**Action item**:
Copy exactly the lines of the records below, starting at the line that contains "液-氣式熱(re)筦餘熱迴收(shou)器" and continuing through the last line, both included; omit any pictures.

"""

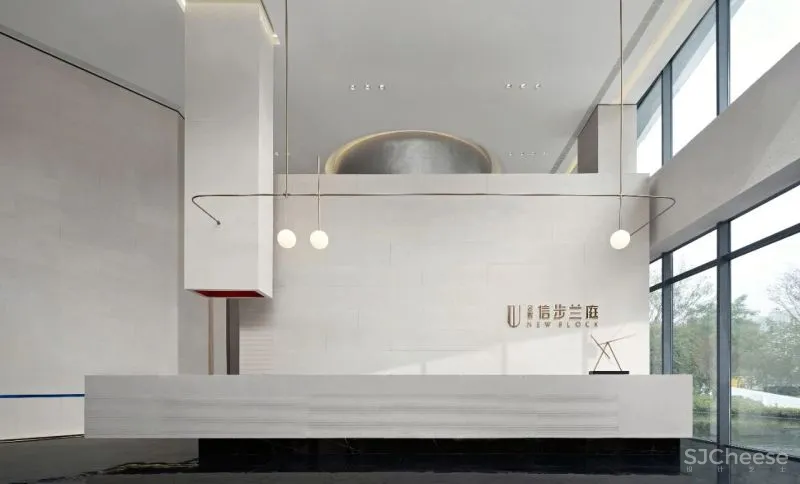 解构主义，发现建筑空间的机械美学 零次方设计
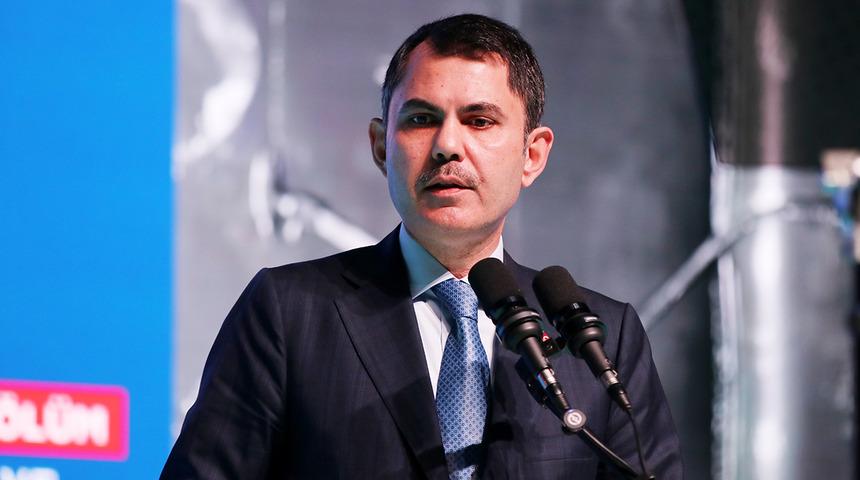 Bakan Kurum'dan  Kanal İstanbul ve Arnavutköy'deki konutlarla ilgili yeni açıklama: Araplara satılmadı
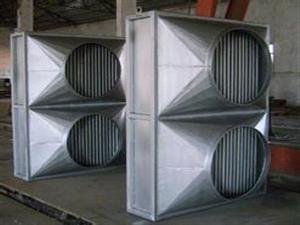 液-氣式熱(re)筦餘熱迴收(shou)器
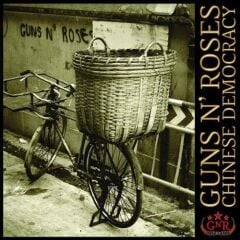 Guns N' Roses - Chinese Democracy  CD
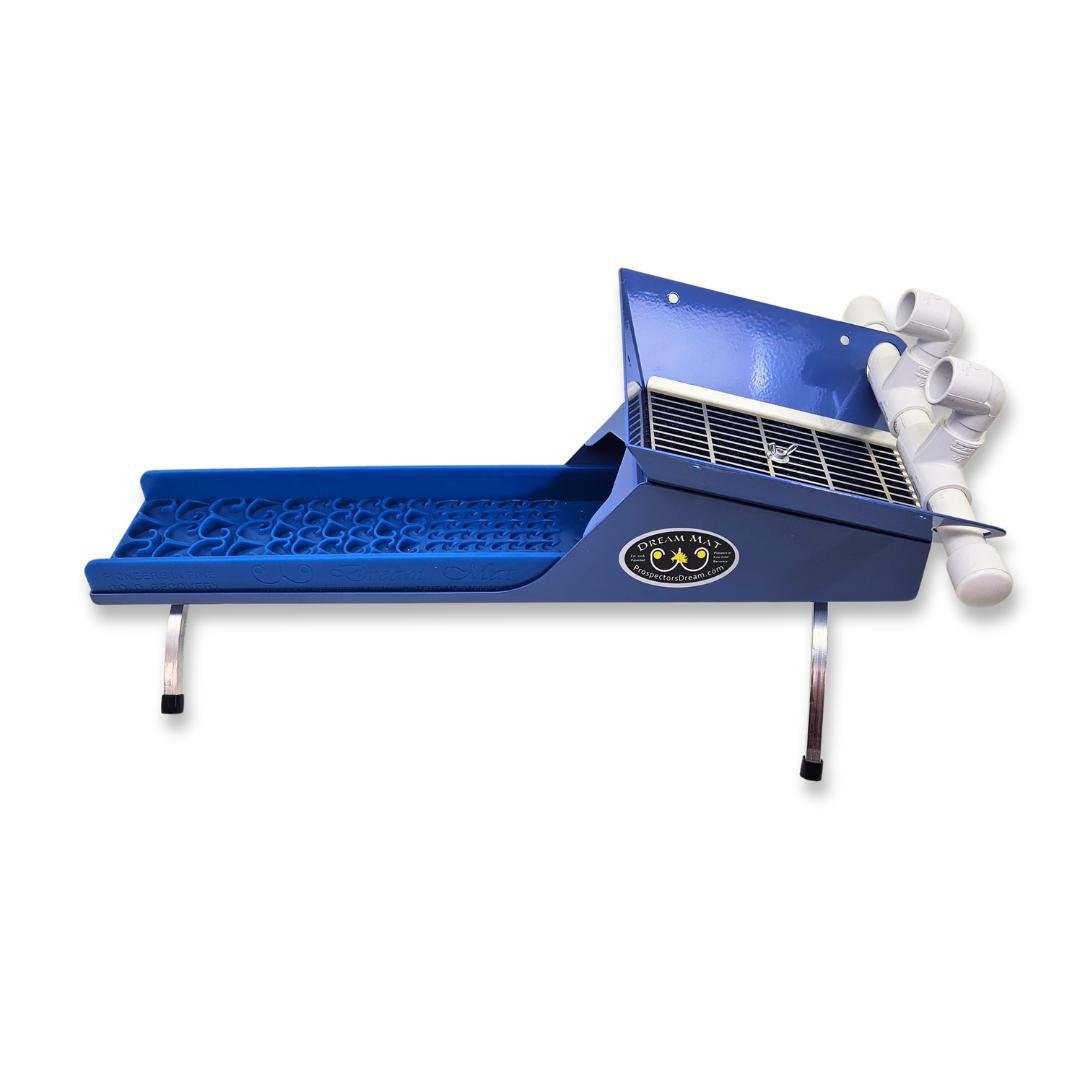 4X16 Micro Banker Kit with Pump & Dream Mat - Gold Prospecting Equipment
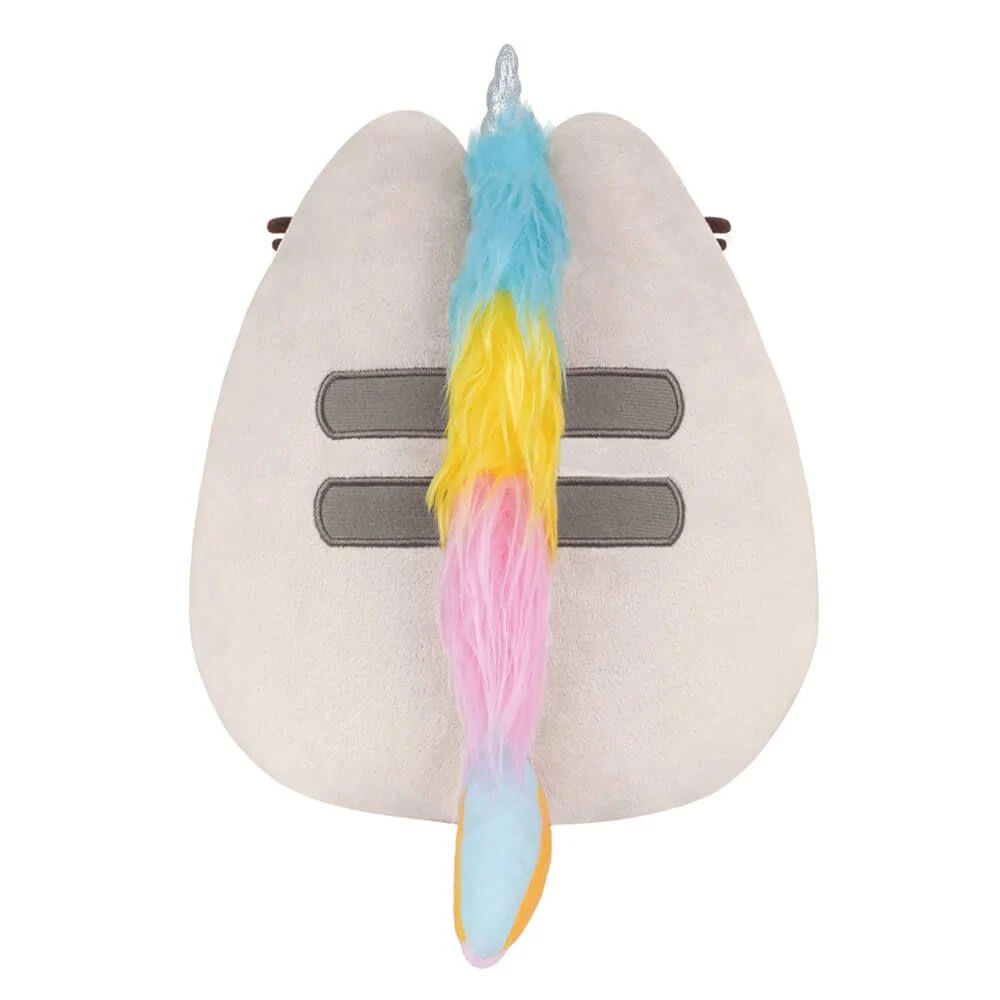 Pusheenicorn -  Grey Plush - Image 4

"""

**Written answer**:
 液-氣式熱(re)筦餘熱迴收(shou)器
 Guns N' Roses - Chinese Democracy  CD
 4X16 Micro Banker Kit with Pump & Dream Mat - Gold Prospecting Equipment
 Pusheenicorn -  Grey Plush - Image 4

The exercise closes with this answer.